In the context of employing people to work with children, the likelihood of the event occurring and the outcome if that event did occur will necessarily be weighed to establish risk.
Businesses have an understandable desire to succeed, just as charities, schools, not-for-profits and so on want to deliver excellent services. Yet when it comes to employing people who will be working with children, it is of course important to place child safety front-and-centre in all deliberations. Where or when you start with your risk assessment will vary. You might be starting a new venture, or conducting a risk assessment in relation to a going concern. First, write a list of all child-related activities and contacts known to occur in the organisation. Then collate all known requirements for child safety in both your area and your industry. Ask yourself to consider the likelihood of an adverse event occurring, should you not meet the standards set out. And the next question will be – if such an outcome eventuates, is this one that your organisation is prepared to carry?
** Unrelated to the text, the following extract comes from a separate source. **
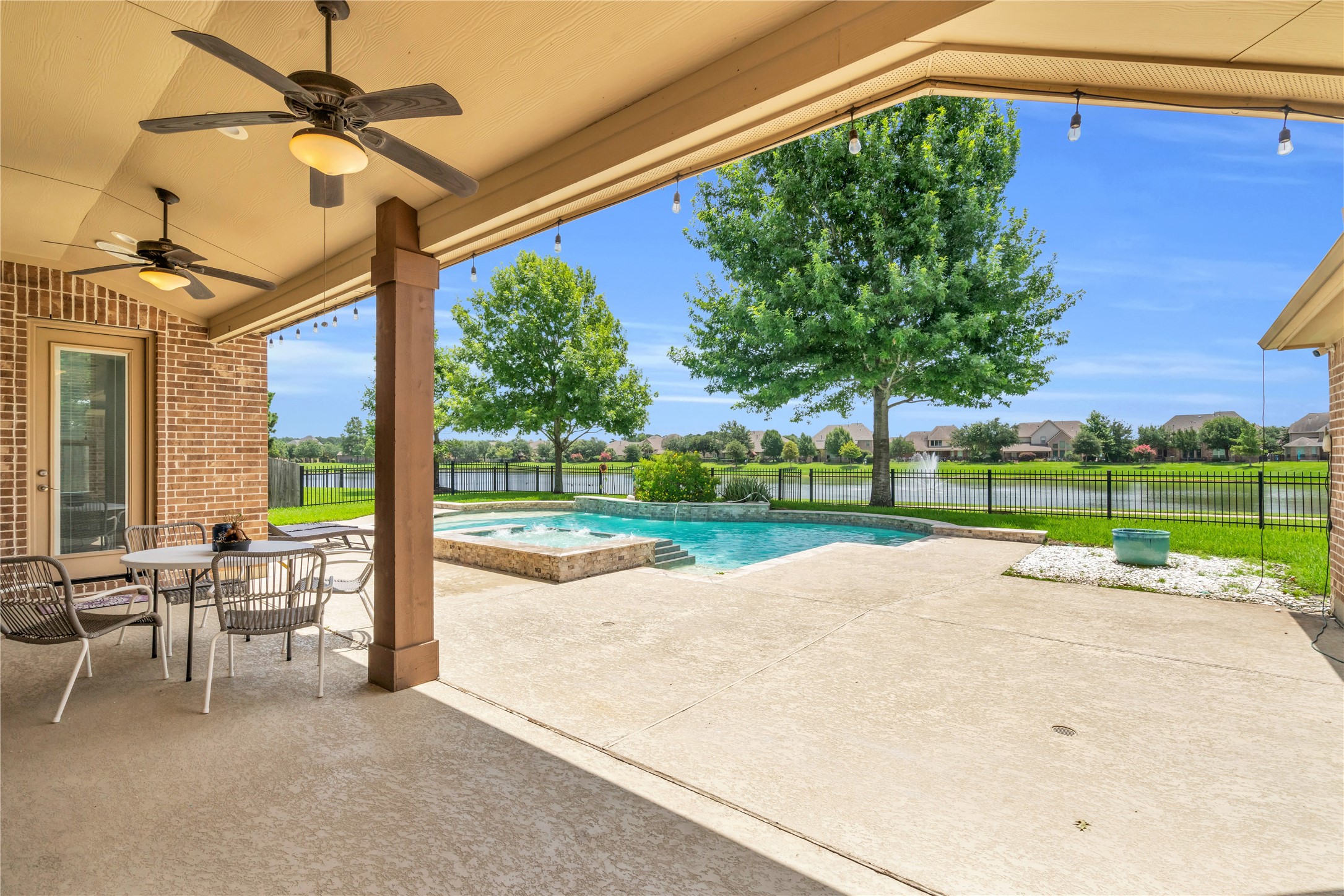 9842 Kirkstone Terrace Drive Spring, TX 77379 - Photo 23 of 34 a covered patio with ceiling fans, a dining area, and a view of the pool/hot tub. Beyond the pool, your fenced yard with a view of a serene lake providing a peaceful and scenic backdrop.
As examples – the risk of abusive behaviours arising because you’ve recruited someone without a card, or have employed an adult to work unsupervised with children, or have left mixed ages on site in the evening – must be weighed against the legal, social and financial outcomes if any unfortunate event occurs. Only then can risk be meaningfully assessed.
By analysing the potential risks that arise when employees work with children, all people (big and small) can thrive in our workplaces.